Anche per quanto riguarda le influenze alla base della loro musica, gli Abiku sono una band interessante: si percepisce chiaramente il loro amore per i cantautori italiani degli anni Sessanta e Settanta, da De Gregori, a Dalla, a Luigi Tenco; allo stesso tempo però, nel loro suono c’è molto di più, si sentono un sacco di cose diverse che, proprio perché perfettamente amalgamate tra loro, non è facile individuare.
“Questa cosa del suono amalgamato – mi dice Giacomo – succede perché abbiamo gusti e background diversi, e sono felice di questo, è una cosa che ci fa bene. Ad esempio Lode (Lorenzo Falomi, il chitarrista solista che si è appena unito alla band per le loro date live) suona con noi da poco e lui viene da un ambiente diverso, è un musicista formato, è un chitarrista rock in tutto per tutto, ha un suono più a la David Gilmour, per dire. Poi, vedi, Io e Stefano siamo sempre insieme, ascoltiamo più o meno le stesse cose: ci piacciono molto i classici, la musica americana di gente come Springsteen o Fleetwood Mac. Virna invece proviene dal mondo del punk, quindi ha portato questa pennellata caratteristica nel nostro sound. Edo ha studiato al Siena jazz ed è quello che ha inserito gli elementi più progressivi. Diciamo che per ora abbiamo razionalizzato bene questo minestrone. Speriamo bene per il futuro, altrimenti va a finire che diventiamo come Frank Zappa!”
Siamo quasi alla fine. Siccome, dopotutto, sono qui per vederli suonare, mi viene da chieder loro quanto conta questa dimensione particolare della loro attività musicale e se, nel calcare i palchi, c’è un qualche elemento a cui non rinuncerebbero mai.
“Dal vivo siamo molto più una rock band – non esita a dichiarare Giacomo, com l’assenso di tutti gli altri. A volte non andiamo proprio per il sottile, cerchiamo di essere meno delicati che in studio. È abbastanza ovvio che accada così: l’ambiente dello studio ci porta per forza di cose a razionalizzare, mentre dal vivo siamo più istintivi.

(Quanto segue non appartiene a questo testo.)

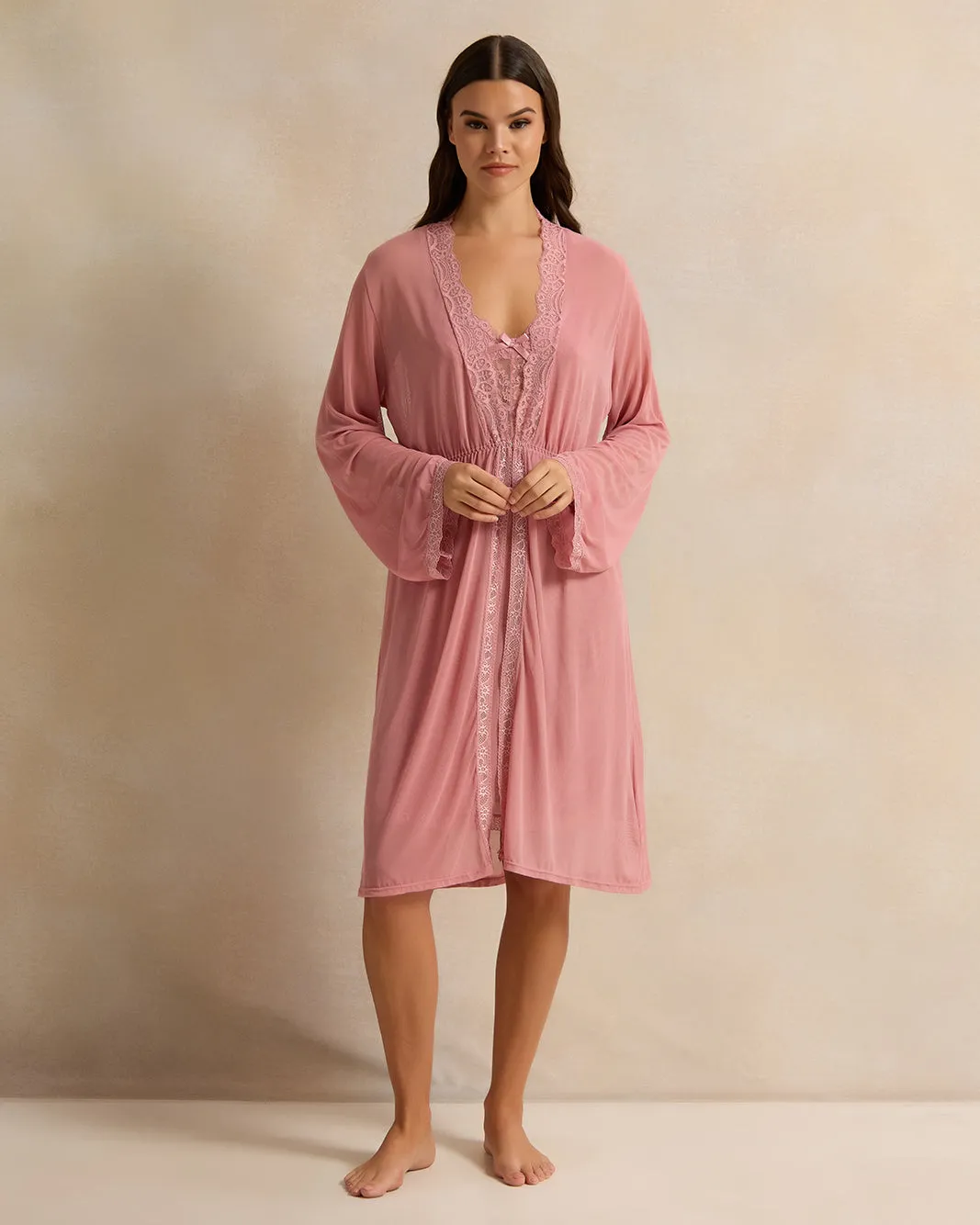 Women Pink Lace Robe sold by Redtag product image thumbnail 2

Sai, quando sei in studio pensi sempre a come un determinato brano potrebbe suonare. Poi ovviamente dal vivo sei istintivo però cercando sempre di avere la sicurezza e la perfezione dell’esecuzione, perché poi se suoni male e fai un sacco di errori, non ha senso.
E poi c’è anche il fatto che spesso ci troviamo ad avere un pubblico di musicisti. Ieri a Bologna, per esempio, dopo il concerto ci hanno fatto molte considerazioni tecniche e questo, oltre a farci piacere, ci mette anche un po’ alla prova, per cui anche dal vivo cerchiamo di essere il più rifiniti possibile, pur mantenendo questo piglio emotivo di cui parlavo prima. Ecco, diciamo che il nostro modello sono gli Wilco: una bella varietà di suoni, una sicurezza nell’esecuzione ma anche una libertà di improvvisare, specialmente sui finali; una cosa che in studio non possiamo fare perché studiamo sempre tutto a menadito. Sai, le nostre prove possono essere veramente stressanti, a volte!”
Mentre nominava la band di Jeff Tweedy, gli altri hanno sgranato tanto d’occhi ed hanno guardato Giacomo come a dire: “Sì ok, magari!”
Pur con le dovute proporzioni, lo show offerto dai cinque qualche ora dopo, è stato letteralmente spettacolare. Esattamente come promesso, i brani de “La vita segreta” hanno assunto un deciso piglio rock, diventando molto più ballabili e coinvolgenti, scuotendo un pubblico numeroso ma molto più attento che scatenato. Una grande pulizia nei suoni (sorprendente, visto che l’Ohibò è molto carente sotto questo aspetto) e una presenza scenica da band navigata hanno fatto di questi settanta minuti di esibizione una vera delizia per occhi e orecchie.
Saranno anche ragazzini alle prime armi, verranno pure da un posto sonnolento e anonimo, ma questi Abiku sanno come far musica. Da tenere d’occhio, perché se questo è il potenziale che hanno da esprimere, potrebbero diventare ben più grandi di così.